Da Silla a Churchill, le uscite in punta dei piedi dei grandi della Storia. Il Cav confida ai suoi ospiti: "La Thatcher mi disse che il momento più bello è ritirarsi"

Quando la sfida del leader è mollare

«Alcuni leader europei mi hanno confessato che il momento più bello della loro vita politica è stato quando si sono ritirati». Berlusconi è in Brianza, davanti a lui ci sono una cinquantina di ospiti, stanno visitando villa Gernetto. È la giornata del Fai ed è qui che senza troppa enfasi butta giù questa frase sulla libertà dal potere. Non è la prima volta che lo fa. Racconta che fu Margaret Thatcher a sussurrarglielo. Poi ci sono gli altri.

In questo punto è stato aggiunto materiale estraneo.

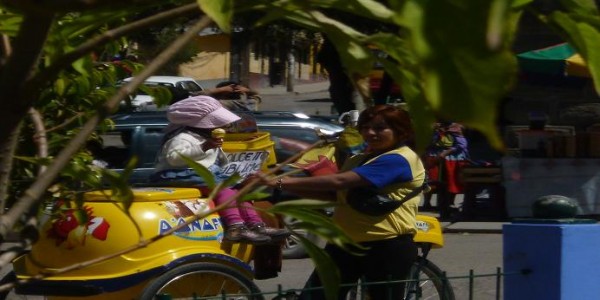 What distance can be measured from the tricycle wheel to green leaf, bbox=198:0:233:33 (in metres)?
4.50

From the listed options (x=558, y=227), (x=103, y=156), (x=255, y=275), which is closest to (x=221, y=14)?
(x=558, y=227)

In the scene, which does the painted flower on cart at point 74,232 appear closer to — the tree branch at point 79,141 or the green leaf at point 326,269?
the green leaf at point 326,269

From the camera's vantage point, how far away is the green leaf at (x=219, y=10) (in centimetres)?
134

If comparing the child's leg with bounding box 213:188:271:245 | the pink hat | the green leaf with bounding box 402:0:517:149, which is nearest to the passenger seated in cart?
the pink hat

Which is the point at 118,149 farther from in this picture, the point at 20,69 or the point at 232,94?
the point at 20,69

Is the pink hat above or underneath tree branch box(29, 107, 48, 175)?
underneath

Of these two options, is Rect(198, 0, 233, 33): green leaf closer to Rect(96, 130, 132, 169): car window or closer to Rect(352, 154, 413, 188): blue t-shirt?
Rect(352, 154, 413, 188): blue t-shirt

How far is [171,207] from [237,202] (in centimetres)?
413

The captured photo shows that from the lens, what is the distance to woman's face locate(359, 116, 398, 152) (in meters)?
5.25

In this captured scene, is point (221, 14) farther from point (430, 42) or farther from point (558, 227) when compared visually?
point (558, 227)

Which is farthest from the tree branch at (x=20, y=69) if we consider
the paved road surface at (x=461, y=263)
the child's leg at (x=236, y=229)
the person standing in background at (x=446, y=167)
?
the person standing in background at (x=446, y=167)

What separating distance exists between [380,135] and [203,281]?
1.41 metres

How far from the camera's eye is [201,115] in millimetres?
6578

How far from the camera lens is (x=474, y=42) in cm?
99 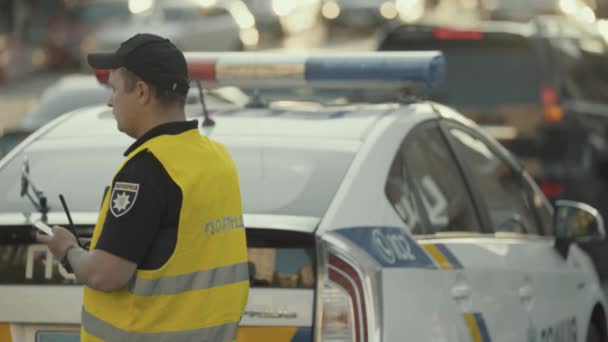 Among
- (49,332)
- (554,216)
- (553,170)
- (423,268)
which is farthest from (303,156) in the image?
(553,170)

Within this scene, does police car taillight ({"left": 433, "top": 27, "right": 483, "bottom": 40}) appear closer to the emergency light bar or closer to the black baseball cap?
the emergency light bar

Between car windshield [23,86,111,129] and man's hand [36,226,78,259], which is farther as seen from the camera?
car windshield [23,86,111,129]

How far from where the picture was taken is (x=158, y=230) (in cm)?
408

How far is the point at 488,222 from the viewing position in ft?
20.0

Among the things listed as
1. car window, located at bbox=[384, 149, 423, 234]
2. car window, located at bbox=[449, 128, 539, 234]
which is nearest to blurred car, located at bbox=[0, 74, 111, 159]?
car window, located at bbox=[449, 128, 539, 234]

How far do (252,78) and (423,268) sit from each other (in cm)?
122

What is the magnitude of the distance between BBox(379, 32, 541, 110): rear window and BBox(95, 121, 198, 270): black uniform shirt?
25.2 feet

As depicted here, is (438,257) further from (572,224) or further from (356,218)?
(572,224)

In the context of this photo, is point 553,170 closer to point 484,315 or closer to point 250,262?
point 484,315

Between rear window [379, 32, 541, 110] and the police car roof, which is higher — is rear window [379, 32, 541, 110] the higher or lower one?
the higher one

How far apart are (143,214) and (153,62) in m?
0.39

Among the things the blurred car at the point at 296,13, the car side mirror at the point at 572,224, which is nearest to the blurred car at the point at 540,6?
the blurred car at the point at 296,13

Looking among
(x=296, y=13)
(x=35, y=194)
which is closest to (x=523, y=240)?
(x=35, y=194)

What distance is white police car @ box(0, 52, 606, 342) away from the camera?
4711mm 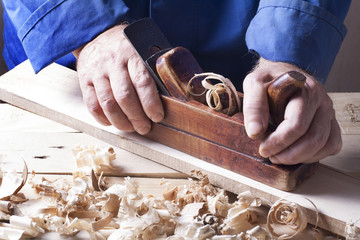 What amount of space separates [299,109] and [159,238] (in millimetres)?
451

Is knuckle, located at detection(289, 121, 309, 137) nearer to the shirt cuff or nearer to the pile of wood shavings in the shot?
the pile of wood shavings

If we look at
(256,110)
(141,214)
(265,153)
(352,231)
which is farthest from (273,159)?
(141,214)

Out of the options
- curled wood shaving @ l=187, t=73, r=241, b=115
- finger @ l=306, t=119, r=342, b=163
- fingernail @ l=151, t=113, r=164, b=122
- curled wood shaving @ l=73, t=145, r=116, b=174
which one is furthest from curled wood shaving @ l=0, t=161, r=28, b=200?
finger @ l=306, t=119, r=342, b=163

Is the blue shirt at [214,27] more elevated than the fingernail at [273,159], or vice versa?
the blue shirt at [214,27]

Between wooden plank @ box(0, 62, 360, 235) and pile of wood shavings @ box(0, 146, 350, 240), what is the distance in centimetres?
4

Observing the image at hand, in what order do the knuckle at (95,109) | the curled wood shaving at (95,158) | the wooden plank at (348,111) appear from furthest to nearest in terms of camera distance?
1. the wooden plank at (348,111)
2. the knuckle at (95,109)
3. the curled wood shaving at (95,158)

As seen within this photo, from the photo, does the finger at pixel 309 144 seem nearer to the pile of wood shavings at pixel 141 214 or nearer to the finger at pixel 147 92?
the pile of wood shavings at pixel 141 214

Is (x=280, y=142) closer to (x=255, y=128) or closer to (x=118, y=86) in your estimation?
(x=255, y=128)

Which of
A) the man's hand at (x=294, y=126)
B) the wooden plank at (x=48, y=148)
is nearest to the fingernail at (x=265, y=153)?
the man's hand at (x=294, y=126)

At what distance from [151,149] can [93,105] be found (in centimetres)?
21

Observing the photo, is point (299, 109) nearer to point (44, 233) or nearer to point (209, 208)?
point (209, 208)

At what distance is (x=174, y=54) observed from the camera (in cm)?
136

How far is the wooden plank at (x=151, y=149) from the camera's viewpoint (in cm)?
124

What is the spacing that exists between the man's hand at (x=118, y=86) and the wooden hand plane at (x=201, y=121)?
0.12 feet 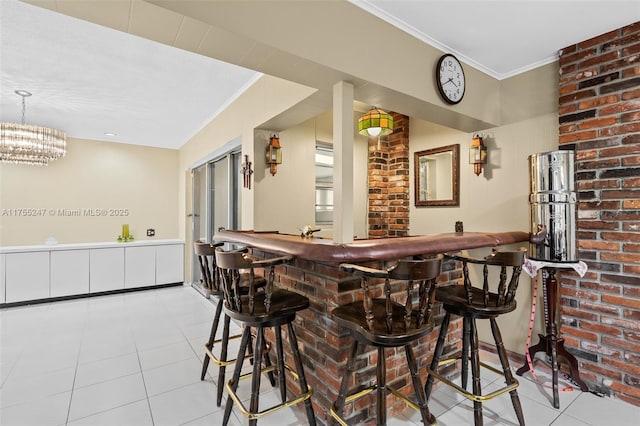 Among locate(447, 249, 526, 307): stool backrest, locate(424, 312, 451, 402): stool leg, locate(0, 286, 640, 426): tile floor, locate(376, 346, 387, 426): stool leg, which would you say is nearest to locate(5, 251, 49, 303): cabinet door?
locate(0, 286, 640, 426): tile floor

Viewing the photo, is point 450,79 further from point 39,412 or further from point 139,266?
point 139,266

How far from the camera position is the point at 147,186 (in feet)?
19.8

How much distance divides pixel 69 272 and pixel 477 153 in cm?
607

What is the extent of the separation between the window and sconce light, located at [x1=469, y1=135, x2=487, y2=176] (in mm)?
1616

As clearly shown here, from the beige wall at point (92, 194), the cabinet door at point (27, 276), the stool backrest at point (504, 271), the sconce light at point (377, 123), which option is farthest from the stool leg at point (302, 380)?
the beige wall at point (92, 194)

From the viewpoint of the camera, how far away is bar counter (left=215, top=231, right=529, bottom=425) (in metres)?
1.78

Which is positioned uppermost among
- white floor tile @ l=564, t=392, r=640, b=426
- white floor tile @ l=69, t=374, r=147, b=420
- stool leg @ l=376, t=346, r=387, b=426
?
stool leg @ l=376, t=346, r=387, b=426

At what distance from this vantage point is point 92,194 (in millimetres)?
5531

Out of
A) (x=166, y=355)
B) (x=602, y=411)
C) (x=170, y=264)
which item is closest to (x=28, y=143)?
(x=170, y=264)

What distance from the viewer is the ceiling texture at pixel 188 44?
1.57 m

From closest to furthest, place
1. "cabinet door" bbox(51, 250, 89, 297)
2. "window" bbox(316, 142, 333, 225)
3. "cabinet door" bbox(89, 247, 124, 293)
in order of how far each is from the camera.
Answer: "window" bbox(316, 142, 333, 225) → "cabinet door" bbox(51, 250, 89, 297) → "cabinet door" bbox(89, 247, 124, 293)

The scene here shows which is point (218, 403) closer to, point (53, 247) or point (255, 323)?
point (255, 323)

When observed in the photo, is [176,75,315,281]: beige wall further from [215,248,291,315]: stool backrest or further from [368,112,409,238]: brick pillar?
[368,112,409,238]: brick pillar

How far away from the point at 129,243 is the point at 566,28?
20.7ft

Blair non rimpiange certo il numero 10 di Downing Street, Clinton ha lasciato il giocattolo alla moglie, Aznar si gode un lungo futuro da post premier, Gorbaciov ha girato il mondo come conferenziere ben pagato e c’è chi ricorda a Montecitorio un D’Alema con il sorrisetto da mezzo pensionato lamentarsi dei viaggi meravigliosi che fa da quando la bottega pesa sulle spalle di Bersani. Fare un passo indietro o di lato ti fa respirare. Se ne sta accorgendo anche re Giorgio, sua maestà Napolitano, il primo presidente presidenzialista della Repubblica italiana. Che fatica governare con Cgil, anziani amici di partito, nuovi alleati, vecchi nemici. Che fatica anche se governi per interposta persona. Poi dici basta e sospiri.
Deve essere come scendere da un aereo, l’idea di stare con i piedi per terra all’improvviso ti sembra rassicurante. Quando Andreotti sosteneva che il potere logora chi non ce l’ha sapeva di dire una facezia, che per essere davvero arguta è sempre una mezza verità. La realtà è che dopo un po’ il trono di spade diventa maledettamente scomodo. È inebriante, ma scomodo. Non bisogna leggersi tutta la saga di R. R. Martin per capire che il gioco della politica non è a costo zero. Quando vinci pensi di poter governare, poi passi buona parte del tempo a resistere a chi, vicino o lontano, di lato o di fronte, ha come unico obiettivo quello di farti cadere.
L’arte più difficile del potere è arrangiare una buona difesa. Nelle dittature quello che ti frega è la paura e il sospetto. Controlli tutto perché non ti fidi di nessuno. Non ti fai una vacanza perché non sai se al ritorno trovi la poltrona occupata e le tue statue mozzate. Quelli come Coriolano sono pochi. Arrivano, risolvono il problema e tornano in campagna. Monti giura che farà così. Non tutti ci credono. Il più sorprendente fu Lucio Cornelio Silla, anni di guerra civile e terrore, con liste di proscrizione e beni strappati agli oppositori, poi un giorno dice basta, prende quattro stracci e se ne va a banchettare nella villa di campagna. Si narra di un passante che mentre andava via lo insultò, sfogando rabbia e rancore. Silla non disse nulla, ma confidò a un amico: «Imbecille! Dopo questo gesto, non ci sarà più alcun dittatore al mondo disposto ad abbandonare il potere».
Nelle democrazie lo stress è diverso. Winston Churchill diceva: «La democrazia funziona quando a decidere sono in due e uno è malato». Ma anche lui se ne è andato senza lamentarsi troppo. Pensate. Uno vince la guerra delle guerre, quella dove si combatte dal Pacifico al Mediterraneo, mette in ginocchio la Germania, costringe Hitler al suicidio, si vanta di aver salvato la libertà dal più feroce totalitarismo, si presenta davanti agli elettori e questi scelgono Attlee. Churchill si fa da parte, si mette a scrivere libri, rivince sei anni dopo, nel ’51, e poi nel 1955 passa la mano. E campa sereno per altri dieci anni, nel ruolo rilassante del «grande uomo».
Aveva capito tutto Italo Calvino con Il re in ascolto.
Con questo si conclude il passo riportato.